Of course, in the background there is also the noise of distant traffic, shouting from the owners of undisciplined dogs and the cawing of a crow as it flies over. Every time I hear or see a crow these days I think of the family name corvid, and my mind jumps to covid 19. They are different things but they both signify death in different ways.

That is 320 words and including a little tidying, it has taken me twenty six minutes.

As I say, Writer’s Block is for amateurs.

“You can’t wait for inspiration. You have to go after it with a club.” — Jack London

I’ve just been reading the Jack London link and found this part (where the western nations bombard China with infectious diseases) particularly ironic when you think of current events.

 

An Avocado Day

The day started badly when I woke at 6.20 am and found that my hopes regarding my knee (which had become very painful during the course of the evening) had come to nothing. Despite having rested, it was still painful. Fortunately I had taken a walking stick upstairs and was able to make it to the bathroom without too much cursing.

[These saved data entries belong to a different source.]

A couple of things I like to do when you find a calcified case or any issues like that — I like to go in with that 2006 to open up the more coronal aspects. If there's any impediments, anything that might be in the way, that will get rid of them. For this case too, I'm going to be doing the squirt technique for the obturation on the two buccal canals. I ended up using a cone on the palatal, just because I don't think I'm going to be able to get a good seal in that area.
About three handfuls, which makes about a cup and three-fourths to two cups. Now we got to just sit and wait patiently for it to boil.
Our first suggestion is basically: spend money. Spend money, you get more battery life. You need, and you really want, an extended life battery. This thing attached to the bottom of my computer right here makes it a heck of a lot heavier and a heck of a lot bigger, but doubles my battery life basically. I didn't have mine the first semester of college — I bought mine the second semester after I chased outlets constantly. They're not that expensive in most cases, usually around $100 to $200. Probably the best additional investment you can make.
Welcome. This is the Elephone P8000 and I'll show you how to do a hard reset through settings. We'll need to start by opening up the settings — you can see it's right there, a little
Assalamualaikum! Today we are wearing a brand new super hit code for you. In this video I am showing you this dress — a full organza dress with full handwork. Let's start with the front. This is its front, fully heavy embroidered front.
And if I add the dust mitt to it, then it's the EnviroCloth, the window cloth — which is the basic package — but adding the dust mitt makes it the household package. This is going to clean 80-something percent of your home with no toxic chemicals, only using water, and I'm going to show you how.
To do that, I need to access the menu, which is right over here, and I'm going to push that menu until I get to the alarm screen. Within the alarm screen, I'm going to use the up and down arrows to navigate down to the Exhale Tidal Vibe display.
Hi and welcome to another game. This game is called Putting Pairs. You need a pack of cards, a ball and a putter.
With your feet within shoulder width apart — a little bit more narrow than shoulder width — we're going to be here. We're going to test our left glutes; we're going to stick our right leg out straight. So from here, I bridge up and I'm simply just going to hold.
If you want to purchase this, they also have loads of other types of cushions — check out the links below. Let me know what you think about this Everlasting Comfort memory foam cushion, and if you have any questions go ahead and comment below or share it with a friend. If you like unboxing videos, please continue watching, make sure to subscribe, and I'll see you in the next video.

I took ibuprofen, even though they interfere with the warfarin and went back to bed. I couldn’t find any paracetamol and the ibuprofen gel was, inconveniently, downstairs.

At 8.10 I woke again to find that the ibuprofen had lived up to my expectations and done bugger all to alleviate the pain.

That’s what I find about painkillers these days. The ones you can buy at the supermarket don’t do much to help with the sort of pain I get as old age creeps on, and the ones that work, like laudanum, are out of favour. You can’t read a depiction of Victorian life without tripping over gallons of the stuff but, despite the insistence of the Conservative party on returning to Victorian values, you just can’t get hold of it.

By the time I got downstairs the post had been, as had the bin men, and there was a letter waiting for me from the anti-coagulant service. I have, once again, managed to hit target with my recent blood test and have been rewarded with an appointment in August.

This amazes me, as I have a bad habit of often taking the pills either too late or not at all. My phone sounds an alarm at 8pm and I tend to switch it off with the words “I will have to take my pills in a while.” There are always better things to do at 8pm.

A quick shout out for the posties and bin men here – they are doing a great job keeping civilisation going, but they aren’t complaining and they aren’t getting the thanks they deserve.

We had a TESCO delivery last night at 9pm (because it’s cheaper at that time) and it was much more accurate than the ASDA delivery last week. As a result we were able to breakfast on bacon sandwiches made using croissants and our new supply of brown sauce. Life does not get much better…

I also picked up my new warfarin prescription from the pharmacy and took advantage of that to buy a box of co-codamol. It’s not laudanum, but as I write, ten hours after taking two tablets, I have nothing more than a dull ache in the knee. You are only supposed to take it for a maximum three days but I’ve never needed to take more than a couple of doses before it’s sorted me out. Strangely, despite the three day stipulation, it comes in a box containing enough for four days.

I then made lunch, consisting of sourdough rye bread and avocado – I seem to have become much more middle-class during lockdown – with finely chopped wild garlic leaves which Julia had foraged whilst out walking in the local park.

After that the day became less interesting.

Avocado and Wild Garlic

Avocado and Wild Garlic

Yes, it’s the same picture, but I like to add two photos where I can. Note the square plate, which I always consider a sign of gastronomic sophistication. I bought several in my abortive bid to become a food blogger.

It’s really avocado, wild garlic, coriander leaves (and stalks) and black pepper. The rye sourdough was a TESCO substitution for ordinary sourdough, which, after last week’s bread substitution from ASDA suggests that TESCO is a better supermarket for home deliveries. At least they understand bread.